Christina Tari, a tax litigator with Richler and Tari in Toronto, says that when claiming a medical expense tax credit for “tuition paid to a specialized school, institution or other place, the ideal certificate will be from an appropriate qualified person, will be in writing, will identify the physical or medical handicap, and will identify the school, institution or other place that will offer the care or training that the individual suffering from the handicap needs.

“However,” she continues, “in a case such as [Lucarelli’s], in which there is no ideal certificate recording all this information in one document, the person paying the medical expense may enter as evidence a series of reports and letters, and may enter oral evidence to establish that a particular school, institution or other place provides the care or training that the individual suffering from the handicap needs.”

Tari adds: “The issue here really was that the parent of the child had undertaken the research to find the appropriate institute. If I understand what the [CRA] was saying, it was that the institute maybe should have been [chosen] by one of the professionals [rather than the] parent who made the decision.”
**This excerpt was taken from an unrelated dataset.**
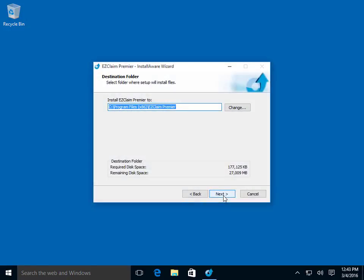This screen shows the installation path. You typically do not need to change this path. Click Next to continue.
Peter Weissman, a tax specialist at Cadesky & Associates LLP in Toronto, says that because the doctor who filed the original report was a registered psychologist, that should have been all that was necessary: “All the provision requires is that an appropriately qualified person says that the patient requires the services of that special school. It doesn’t require that the school be registered with the CRA, it doesn’t require that the school be approved by the CRA or even audited for what it is that they do _ there’s nothing in [the legislation] that says, ‘And the school is approved’.”

But Weissman adds that he does see problems arise for clients when schools aren’t registered or approved. Generally, the CRA wants more than a letter from a doctor: “They often want confirmation from the school that it provides the facilities the doctor is saying the patient needs.”